SOURCE DATA:
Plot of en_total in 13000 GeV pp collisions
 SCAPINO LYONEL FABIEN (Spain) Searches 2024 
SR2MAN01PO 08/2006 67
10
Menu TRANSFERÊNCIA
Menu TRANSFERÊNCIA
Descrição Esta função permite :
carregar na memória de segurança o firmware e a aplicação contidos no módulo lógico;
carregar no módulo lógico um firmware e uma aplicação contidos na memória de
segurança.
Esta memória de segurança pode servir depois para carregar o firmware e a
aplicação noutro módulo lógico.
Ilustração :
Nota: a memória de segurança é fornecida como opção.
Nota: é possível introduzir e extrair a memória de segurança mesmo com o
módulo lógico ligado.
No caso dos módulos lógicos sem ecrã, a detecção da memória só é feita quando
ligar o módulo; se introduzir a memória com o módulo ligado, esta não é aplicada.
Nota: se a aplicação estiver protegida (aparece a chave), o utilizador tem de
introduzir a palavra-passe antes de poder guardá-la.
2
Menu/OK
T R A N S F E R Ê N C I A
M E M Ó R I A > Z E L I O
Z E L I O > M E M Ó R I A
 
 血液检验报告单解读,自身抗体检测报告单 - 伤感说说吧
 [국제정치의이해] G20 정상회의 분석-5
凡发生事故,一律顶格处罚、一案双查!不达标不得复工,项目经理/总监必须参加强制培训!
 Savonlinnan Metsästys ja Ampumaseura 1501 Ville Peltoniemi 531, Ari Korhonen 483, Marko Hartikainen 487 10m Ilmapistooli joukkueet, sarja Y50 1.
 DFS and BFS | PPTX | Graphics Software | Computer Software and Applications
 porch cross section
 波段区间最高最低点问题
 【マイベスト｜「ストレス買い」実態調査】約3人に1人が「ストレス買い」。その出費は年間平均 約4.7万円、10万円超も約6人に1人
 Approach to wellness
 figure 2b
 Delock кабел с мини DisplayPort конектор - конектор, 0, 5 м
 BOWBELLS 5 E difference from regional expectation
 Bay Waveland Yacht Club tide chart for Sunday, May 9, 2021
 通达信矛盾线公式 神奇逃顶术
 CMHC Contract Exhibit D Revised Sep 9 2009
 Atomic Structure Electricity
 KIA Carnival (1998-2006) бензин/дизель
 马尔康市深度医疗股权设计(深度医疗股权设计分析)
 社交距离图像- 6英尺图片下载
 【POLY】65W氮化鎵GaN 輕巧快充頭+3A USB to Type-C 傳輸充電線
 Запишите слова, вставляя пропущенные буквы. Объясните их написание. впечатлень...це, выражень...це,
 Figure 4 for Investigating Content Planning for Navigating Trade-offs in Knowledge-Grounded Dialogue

PROBLEM: In the entries above, the lines between the one holding "M E M Ó R I A > Z E L I O" and the one holding "Savonlinnan Metsästys ja", inclusive, are to be printed exactly as written, and those alone.

EXERCISE ANSWER:
M E M Ó R I A > Z E L I O
Z E L I O > M E M Ó R I A
 
 血液检验报告单解读,自身抗体检测报告单 - 伤感说说吧
 [국제정치의이해] G20 정상회의 분석-5
凡发生事故,一律顶格处罚、一案双查!不达标不得复工,项目经理/总监必须参加强制培训!
 Savonlinnan Metsästys ja Ampumaseura 1501 Ville Peltoniemi 531, Ari Korhonen 483, Marko Hartikainen 487 10m Ilmapistooli joukkueet, sarja Y50 1.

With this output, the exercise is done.